What does that "jmp 1b\n" doing in down() function ?
While going through the implementation of down(), newbies gets confused by the strange looking "jmp 1b" instruction. I asked in the mailing list and Thomas PETAZZONI was kind enough to answer it.
static inline void down(struct semaphore * sem) { might_sleep(); __asm__ __volatile__( "# atomic down operation\n\t" LOCK "decl %0\n\t" /* --sem-≥count */ // locked and decremented. "js 2f\n" // if sign is set jump to 2: "1:\n" LOCK_SECTION_START("") // starts a new section in elf. This is the key to the mistery :-) "2:\tlea %0,%%eax\n\t" // loads &sem (==&sem->count) into eax. "call __down_failed\n\t" // this eventually returns when sem is acquired "jmp 1b\n" // goes back to 1:, To know why, read the explanation LOCK_SECTION_END :"=m" (sem->count) : :"memory","ax"); }
This is quite subtle. The explanation is in the LOCK_SECTION_START() and LOCK_SECTION_END() macros. These macros puts the code in-between in another section, far away from the current. So, in fact, after the 1:, what you have in memory, is not the "lea", but the next instruction after the down().

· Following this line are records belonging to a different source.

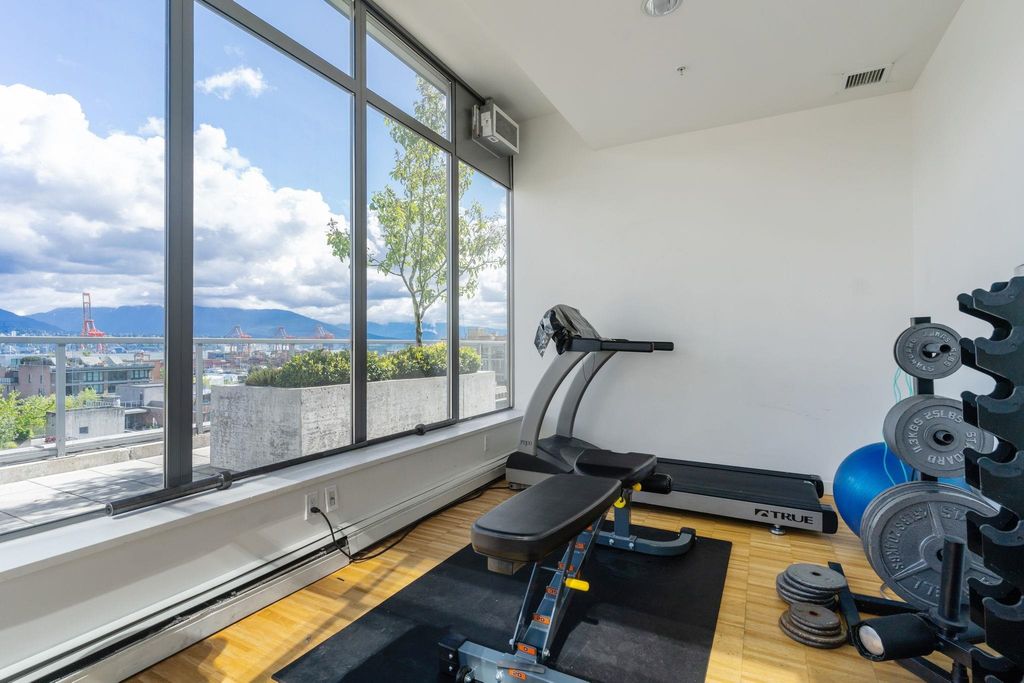 listing image 1104491872077596563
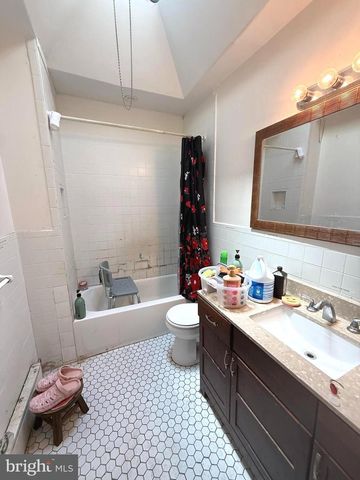 5819 LARCHWOOD AVE, Philadelphia, PA 19143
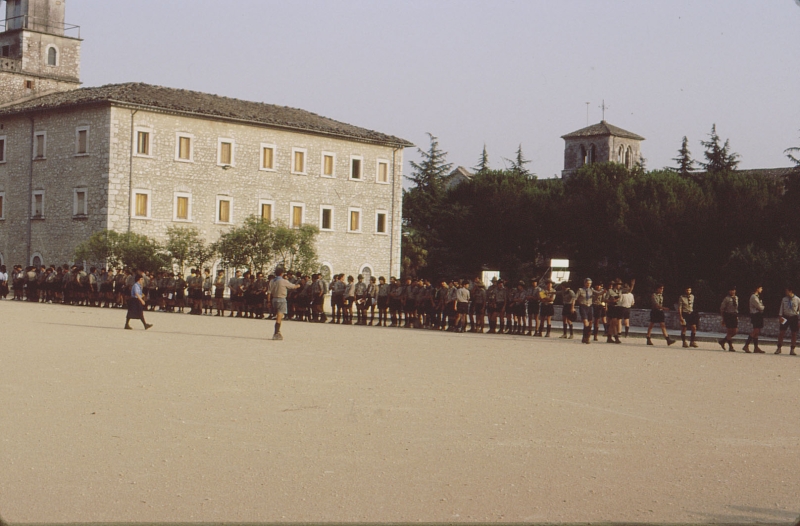 1982 Clan nuova strada - campo naz rover dei monti Ernici - 03 partenza dall'abbazia di Casamari.jpg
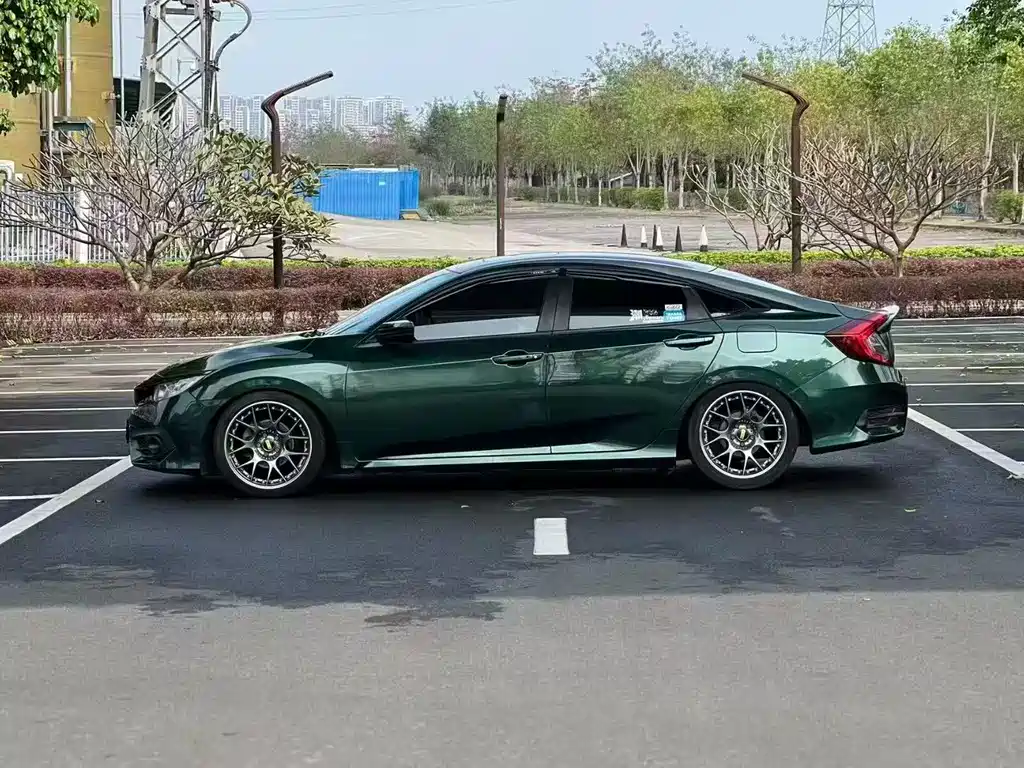Honda Honda Civic 2016 220TURBO Manual Luxury Edition 2016 - thumbnail 5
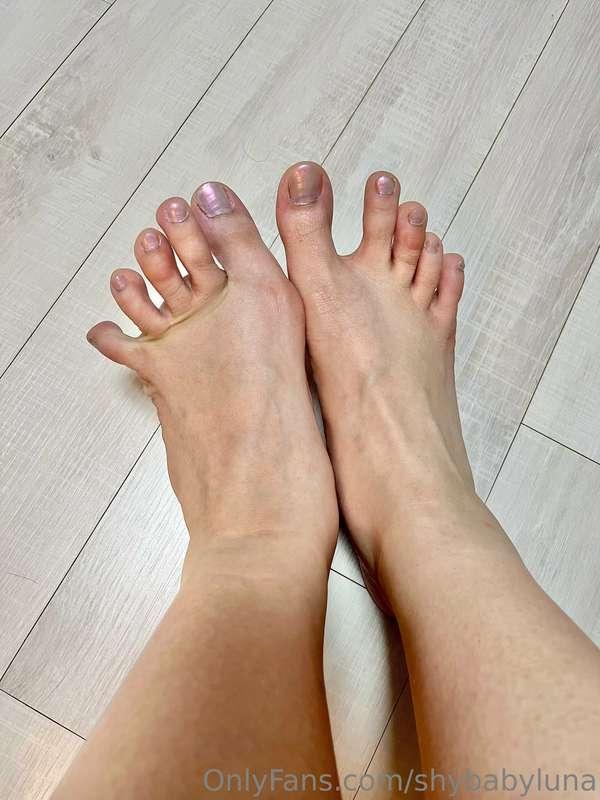 ‘Metallic pink with Spreading Toes’

Do you want all the pic..
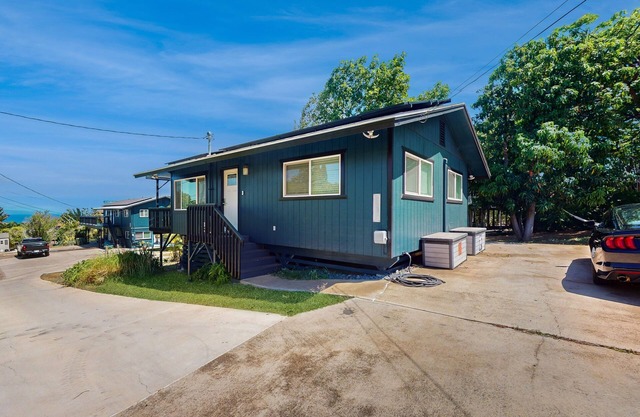 Remodeled cottage with AC, ocean views, yard & lanai - near beach, golf & dining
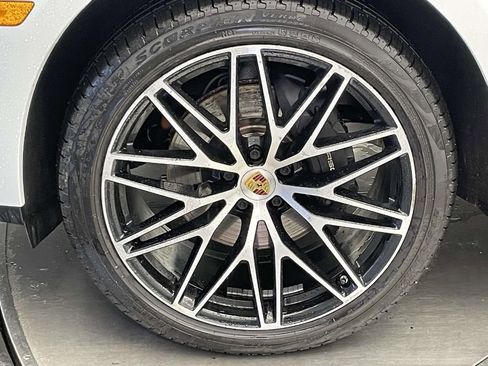 Used 2023 Porsche Macan image 11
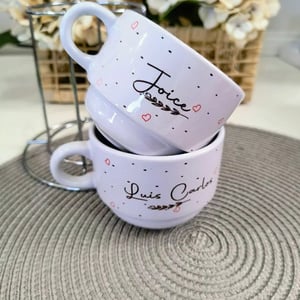 Torre com 2 xícaras personalizados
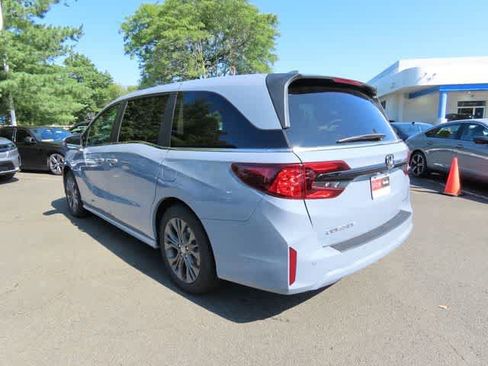 New 2026 Honda Odyssey Touring image 4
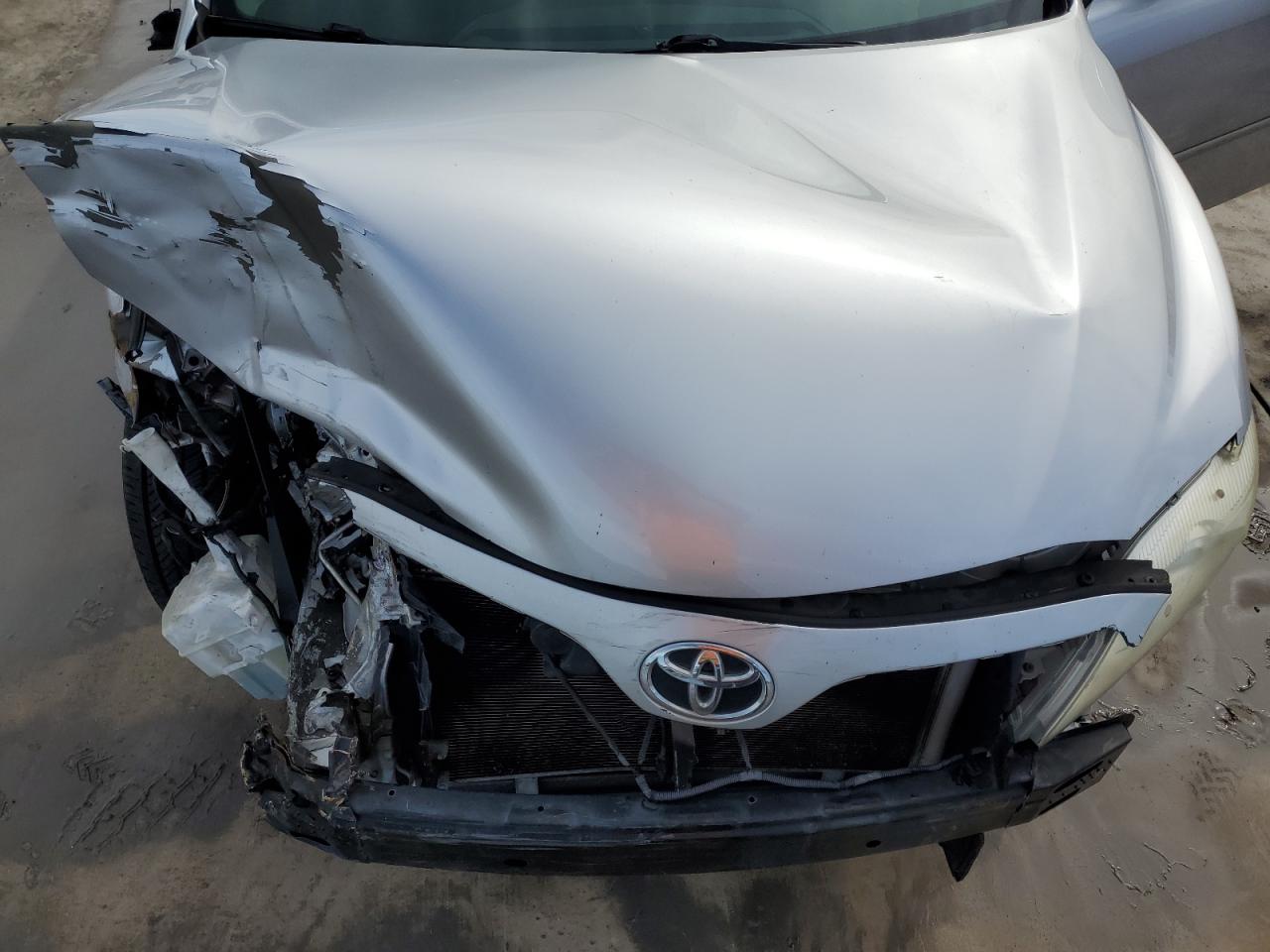 2011 Toyota Camry - Image 12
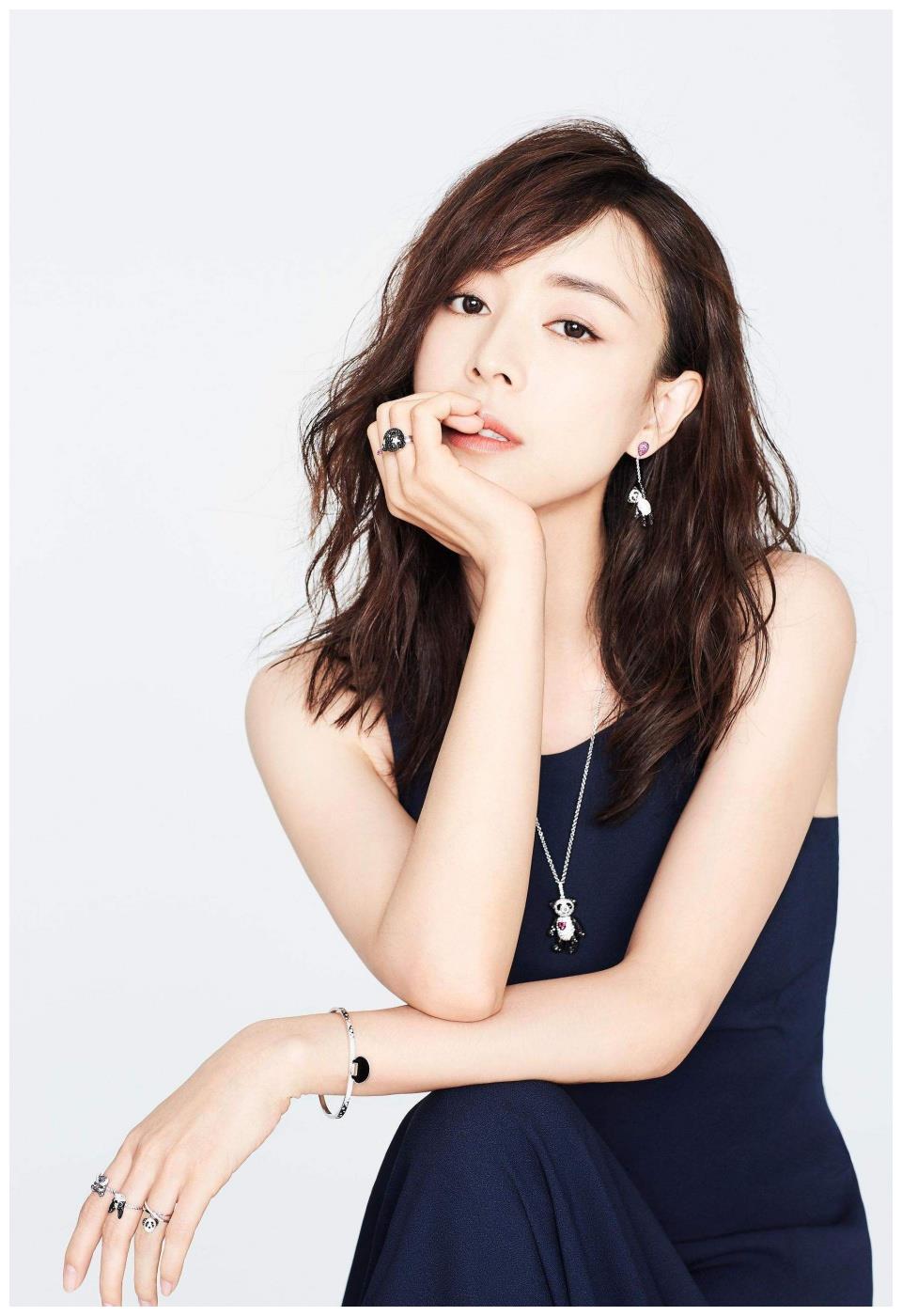 娱乐圈有多"现实"?影后张静初和她成名背后的几任导演__财经头条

So, if you write some C code like :
a = 2; down (); c = 1;
It will end up like this :
- some assembly code to set a to 2 - LOCK decl %0 - js 2f /* Jump only in the contended case */ - some assembly code to set c to 1
and then, far away :
- lea %0, %%eax - call __down_failed
The idea is to optimize the non-contended case (when there's no contention on the semaphore). The idea is to not trash the i-cache with instructions that are useless most of the time, and probably to optimize the pipeline usage by making sure that prefetched instructions are the one that are most likely to be executed.